──────── Input data ────────

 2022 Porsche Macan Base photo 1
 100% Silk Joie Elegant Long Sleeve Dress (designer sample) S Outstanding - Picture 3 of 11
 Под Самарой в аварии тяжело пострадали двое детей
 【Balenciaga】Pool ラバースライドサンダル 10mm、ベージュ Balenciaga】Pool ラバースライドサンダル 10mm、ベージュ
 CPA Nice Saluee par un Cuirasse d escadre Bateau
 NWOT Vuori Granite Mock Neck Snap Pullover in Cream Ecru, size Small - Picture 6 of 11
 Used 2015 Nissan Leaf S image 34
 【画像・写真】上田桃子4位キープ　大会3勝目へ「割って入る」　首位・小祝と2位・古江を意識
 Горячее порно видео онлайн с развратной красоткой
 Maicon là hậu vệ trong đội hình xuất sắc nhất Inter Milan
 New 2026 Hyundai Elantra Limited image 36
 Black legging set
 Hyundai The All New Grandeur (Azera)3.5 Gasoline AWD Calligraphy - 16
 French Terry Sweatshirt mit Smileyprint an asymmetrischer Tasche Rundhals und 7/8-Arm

────────

▸ **About this task**
Please return the lines above exactly, from the first one down to the line with "CPA Nice Saluee", and stop after that line.

▸ **Answer for this exercise**
 2022 Porsche Macan Base photo 1
 100% Silk Joie Elegant Long Sleeve Dress (designer sample) S Outstanding - Picture 3 of 11
 Под Самарой в аварии тяжело пострадали двое детей
 【Balenciaga】Pool ラバースライドサンダル 10mm、ベージュ Balenciaga】Pool ラバースライドサンダル 10mm、ベージュ
 CPA Nice Saluee par un Cuirasse d escadre Bateau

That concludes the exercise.